● EXERCISE PROMPT
In the entries below, every line that contains "Basic" must be located and copied.

● SUPPLIED DATA
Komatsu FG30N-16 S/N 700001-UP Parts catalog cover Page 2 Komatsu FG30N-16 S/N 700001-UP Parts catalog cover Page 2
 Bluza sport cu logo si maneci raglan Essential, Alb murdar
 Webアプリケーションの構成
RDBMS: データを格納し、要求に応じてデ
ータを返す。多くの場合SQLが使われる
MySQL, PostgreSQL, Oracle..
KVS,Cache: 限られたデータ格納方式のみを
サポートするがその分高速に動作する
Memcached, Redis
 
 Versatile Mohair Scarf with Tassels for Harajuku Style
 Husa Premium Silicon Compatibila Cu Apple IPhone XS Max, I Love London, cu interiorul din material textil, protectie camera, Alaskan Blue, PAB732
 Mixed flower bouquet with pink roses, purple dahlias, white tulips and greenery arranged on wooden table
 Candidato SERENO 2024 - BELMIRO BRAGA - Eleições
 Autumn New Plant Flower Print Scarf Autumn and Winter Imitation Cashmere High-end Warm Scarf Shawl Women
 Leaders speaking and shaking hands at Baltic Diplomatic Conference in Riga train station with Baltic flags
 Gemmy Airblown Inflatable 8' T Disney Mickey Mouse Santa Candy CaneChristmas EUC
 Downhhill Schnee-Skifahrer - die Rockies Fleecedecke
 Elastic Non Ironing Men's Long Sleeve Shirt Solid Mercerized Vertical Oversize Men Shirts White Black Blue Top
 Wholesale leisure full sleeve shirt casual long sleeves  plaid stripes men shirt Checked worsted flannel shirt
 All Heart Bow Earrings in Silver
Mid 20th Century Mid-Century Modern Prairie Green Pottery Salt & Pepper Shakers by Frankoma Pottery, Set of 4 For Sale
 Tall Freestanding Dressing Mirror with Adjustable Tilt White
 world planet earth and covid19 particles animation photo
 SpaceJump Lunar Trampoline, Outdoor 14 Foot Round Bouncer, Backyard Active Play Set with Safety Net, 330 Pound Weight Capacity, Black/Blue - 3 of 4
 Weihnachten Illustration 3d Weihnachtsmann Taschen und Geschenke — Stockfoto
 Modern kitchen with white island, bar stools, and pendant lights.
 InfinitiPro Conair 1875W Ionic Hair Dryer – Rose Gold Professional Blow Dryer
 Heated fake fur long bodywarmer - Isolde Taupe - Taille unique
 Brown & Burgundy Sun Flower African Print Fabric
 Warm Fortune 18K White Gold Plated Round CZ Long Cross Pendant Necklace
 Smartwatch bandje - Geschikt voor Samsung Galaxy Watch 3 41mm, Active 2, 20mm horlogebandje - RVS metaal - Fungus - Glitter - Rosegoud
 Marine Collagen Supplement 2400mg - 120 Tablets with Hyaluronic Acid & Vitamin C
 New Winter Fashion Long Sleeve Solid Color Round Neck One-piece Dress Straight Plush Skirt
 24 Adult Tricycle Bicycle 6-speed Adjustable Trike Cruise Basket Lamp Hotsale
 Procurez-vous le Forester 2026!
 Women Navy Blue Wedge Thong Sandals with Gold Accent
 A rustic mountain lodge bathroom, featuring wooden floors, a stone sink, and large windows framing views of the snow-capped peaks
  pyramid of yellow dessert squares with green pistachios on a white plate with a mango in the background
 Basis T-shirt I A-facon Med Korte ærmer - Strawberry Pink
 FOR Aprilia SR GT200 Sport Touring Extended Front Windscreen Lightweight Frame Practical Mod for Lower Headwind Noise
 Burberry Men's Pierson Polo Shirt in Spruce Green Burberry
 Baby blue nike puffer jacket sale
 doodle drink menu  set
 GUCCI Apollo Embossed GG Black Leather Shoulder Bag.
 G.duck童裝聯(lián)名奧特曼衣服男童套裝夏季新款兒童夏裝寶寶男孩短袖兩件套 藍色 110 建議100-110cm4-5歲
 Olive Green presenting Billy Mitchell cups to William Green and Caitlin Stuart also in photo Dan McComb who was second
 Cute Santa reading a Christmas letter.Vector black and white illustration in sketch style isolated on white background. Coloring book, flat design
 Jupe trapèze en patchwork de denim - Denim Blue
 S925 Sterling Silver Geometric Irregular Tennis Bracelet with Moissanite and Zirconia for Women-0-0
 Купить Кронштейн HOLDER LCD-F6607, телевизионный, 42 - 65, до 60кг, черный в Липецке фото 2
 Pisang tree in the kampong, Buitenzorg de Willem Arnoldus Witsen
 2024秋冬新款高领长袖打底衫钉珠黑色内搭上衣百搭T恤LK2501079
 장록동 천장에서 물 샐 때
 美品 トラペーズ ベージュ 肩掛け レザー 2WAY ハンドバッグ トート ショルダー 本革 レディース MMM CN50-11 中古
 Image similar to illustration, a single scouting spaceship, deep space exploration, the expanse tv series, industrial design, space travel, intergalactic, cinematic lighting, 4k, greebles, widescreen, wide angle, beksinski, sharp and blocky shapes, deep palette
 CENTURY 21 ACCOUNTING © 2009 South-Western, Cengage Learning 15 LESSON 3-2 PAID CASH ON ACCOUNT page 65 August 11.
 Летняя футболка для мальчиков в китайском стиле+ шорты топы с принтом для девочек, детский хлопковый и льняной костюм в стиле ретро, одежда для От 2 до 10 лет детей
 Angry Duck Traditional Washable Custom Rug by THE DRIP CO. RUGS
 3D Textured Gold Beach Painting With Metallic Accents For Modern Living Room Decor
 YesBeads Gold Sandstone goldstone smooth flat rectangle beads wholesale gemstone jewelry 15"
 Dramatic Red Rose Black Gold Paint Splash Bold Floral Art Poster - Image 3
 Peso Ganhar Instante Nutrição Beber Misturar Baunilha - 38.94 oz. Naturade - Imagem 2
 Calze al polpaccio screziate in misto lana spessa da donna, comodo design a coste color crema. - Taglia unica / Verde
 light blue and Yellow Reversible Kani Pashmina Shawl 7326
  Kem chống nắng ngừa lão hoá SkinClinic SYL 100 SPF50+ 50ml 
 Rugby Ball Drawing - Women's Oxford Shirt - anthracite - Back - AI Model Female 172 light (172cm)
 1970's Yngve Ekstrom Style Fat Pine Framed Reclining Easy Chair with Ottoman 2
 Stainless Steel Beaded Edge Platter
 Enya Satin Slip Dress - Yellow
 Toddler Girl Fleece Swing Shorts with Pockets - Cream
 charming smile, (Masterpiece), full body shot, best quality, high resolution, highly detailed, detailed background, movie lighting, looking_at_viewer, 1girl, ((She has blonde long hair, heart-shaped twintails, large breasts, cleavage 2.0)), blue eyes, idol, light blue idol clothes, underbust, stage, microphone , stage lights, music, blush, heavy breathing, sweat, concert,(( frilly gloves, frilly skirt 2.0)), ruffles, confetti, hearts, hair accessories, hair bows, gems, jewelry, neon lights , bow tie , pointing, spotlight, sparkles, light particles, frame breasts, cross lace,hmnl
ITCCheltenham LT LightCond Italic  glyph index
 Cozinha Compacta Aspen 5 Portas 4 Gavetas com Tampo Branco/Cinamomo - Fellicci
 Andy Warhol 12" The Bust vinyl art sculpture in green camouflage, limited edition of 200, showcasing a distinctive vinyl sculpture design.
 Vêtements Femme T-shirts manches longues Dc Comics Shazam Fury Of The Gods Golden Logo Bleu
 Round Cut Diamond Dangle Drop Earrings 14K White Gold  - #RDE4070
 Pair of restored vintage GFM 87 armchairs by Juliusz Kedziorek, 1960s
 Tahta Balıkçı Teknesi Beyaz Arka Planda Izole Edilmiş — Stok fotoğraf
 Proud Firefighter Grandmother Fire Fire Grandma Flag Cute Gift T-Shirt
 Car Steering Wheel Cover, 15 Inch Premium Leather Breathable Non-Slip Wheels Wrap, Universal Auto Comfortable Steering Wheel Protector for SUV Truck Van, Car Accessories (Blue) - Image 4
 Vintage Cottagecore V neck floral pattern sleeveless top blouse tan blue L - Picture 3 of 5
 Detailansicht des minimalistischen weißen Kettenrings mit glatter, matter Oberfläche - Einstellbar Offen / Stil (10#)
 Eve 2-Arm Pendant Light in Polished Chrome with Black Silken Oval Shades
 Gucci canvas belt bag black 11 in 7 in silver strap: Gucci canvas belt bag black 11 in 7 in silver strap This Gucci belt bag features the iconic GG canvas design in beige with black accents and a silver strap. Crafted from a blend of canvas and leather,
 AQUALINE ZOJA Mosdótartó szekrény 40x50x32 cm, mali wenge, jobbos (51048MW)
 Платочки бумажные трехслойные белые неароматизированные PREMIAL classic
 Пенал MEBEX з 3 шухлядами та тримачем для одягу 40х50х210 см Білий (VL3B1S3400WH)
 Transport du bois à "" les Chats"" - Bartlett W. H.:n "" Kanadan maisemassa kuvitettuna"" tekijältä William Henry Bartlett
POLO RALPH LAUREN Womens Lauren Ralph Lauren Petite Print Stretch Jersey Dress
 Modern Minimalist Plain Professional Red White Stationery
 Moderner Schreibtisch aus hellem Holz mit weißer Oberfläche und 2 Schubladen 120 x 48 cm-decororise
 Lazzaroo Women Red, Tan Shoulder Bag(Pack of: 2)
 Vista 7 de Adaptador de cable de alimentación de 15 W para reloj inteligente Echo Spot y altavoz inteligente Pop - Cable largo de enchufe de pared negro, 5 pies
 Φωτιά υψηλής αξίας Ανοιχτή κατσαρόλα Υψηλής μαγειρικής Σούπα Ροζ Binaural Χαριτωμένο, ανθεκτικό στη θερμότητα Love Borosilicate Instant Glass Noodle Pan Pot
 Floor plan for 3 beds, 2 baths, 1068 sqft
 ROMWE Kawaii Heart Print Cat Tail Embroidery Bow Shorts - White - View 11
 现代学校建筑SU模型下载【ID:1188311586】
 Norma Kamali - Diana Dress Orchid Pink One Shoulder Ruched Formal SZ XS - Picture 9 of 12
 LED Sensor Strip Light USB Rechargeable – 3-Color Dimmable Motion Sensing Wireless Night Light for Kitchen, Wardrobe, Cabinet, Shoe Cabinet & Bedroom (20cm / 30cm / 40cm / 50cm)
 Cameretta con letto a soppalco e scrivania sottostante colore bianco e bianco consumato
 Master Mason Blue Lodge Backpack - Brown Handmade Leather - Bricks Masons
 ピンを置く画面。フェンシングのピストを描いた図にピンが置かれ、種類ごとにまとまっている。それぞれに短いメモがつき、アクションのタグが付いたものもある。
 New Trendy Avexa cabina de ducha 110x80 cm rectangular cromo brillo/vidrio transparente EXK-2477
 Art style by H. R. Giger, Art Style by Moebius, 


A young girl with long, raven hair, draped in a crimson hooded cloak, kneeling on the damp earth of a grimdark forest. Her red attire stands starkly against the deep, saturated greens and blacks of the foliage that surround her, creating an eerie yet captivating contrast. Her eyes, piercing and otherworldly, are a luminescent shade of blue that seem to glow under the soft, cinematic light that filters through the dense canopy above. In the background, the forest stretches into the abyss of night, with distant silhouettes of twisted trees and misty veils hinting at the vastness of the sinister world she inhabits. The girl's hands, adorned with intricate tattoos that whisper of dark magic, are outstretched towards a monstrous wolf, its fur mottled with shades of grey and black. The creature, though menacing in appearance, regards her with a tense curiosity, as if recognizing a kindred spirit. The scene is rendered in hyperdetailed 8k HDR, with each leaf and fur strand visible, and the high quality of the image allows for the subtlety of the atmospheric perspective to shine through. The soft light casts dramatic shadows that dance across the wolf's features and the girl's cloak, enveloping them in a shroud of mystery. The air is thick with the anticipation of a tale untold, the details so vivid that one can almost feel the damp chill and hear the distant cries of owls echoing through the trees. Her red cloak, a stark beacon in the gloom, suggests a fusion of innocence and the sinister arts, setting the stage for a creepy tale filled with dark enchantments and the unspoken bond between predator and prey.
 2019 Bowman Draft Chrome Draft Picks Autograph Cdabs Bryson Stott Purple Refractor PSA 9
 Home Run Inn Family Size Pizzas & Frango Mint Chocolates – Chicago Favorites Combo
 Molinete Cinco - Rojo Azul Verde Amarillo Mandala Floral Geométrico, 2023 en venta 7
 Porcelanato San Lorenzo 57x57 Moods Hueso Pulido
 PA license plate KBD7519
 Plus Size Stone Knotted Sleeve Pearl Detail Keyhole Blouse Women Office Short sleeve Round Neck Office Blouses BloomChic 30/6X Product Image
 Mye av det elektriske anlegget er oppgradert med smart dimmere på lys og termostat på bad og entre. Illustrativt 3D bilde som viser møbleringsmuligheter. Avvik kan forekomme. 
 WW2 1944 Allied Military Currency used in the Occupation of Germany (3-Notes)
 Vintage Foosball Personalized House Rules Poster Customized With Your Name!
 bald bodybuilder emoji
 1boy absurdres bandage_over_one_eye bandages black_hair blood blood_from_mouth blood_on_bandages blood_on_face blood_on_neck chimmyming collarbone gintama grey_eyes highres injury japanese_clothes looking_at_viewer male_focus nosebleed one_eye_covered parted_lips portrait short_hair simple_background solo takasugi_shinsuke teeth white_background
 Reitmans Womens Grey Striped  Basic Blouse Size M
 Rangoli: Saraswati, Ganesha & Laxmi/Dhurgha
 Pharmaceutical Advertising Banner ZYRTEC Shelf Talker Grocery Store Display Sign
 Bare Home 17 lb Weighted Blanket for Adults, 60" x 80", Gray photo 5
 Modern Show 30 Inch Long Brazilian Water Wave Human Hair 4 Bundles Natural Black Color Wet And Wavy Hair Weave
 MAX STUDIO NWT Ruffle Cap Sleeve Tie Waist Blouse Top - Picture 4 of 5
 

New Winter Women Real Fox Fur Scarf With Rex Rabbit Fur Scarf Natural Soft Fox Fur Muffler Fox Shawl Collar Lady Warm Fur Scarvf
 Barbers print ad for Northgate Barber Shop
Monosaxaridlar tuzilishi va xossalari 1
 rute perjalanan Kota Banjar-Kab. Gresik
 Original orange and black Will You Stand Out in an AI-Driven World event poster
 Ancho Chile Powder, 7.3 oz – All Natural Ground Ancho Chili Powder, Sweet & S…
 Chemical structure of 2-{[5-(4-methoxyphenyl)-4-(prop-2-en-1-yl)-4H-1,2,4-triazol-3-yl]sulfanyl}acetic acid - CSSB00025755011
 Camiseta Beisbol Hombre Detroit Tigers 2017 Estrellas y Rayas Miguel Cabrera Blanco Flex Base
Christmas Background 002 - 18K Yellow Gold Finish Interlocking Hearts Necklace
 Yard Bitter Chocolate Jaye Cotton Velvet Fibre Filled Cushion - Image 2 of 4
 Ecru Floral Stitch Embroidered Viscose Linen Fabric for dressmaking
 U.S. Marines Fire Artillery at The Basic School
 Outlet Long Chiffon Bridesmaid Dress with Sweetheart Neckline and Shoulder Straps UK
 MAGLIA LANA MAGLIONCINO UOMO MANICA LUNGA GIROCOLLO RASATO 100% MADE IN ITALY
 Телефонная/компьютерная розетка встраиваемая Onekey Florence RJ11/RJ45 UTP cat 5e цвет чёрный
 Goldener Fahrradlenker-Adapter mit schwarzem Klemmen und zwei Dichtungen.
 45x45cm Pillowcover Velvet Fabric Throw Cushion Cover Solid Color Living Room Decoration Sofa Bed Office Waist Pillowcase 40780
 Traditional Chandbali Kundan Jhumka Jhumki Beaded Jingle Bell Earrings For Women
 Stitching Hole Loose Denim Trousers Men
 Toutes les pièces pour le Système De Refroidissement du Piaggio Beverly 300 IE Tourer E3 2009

● RESULT OF THIS EXERCISE
 Reitmans Womens Grey Striped  Basic Blouse Size M
 U.S. Marines Fire Artillery at The Basic School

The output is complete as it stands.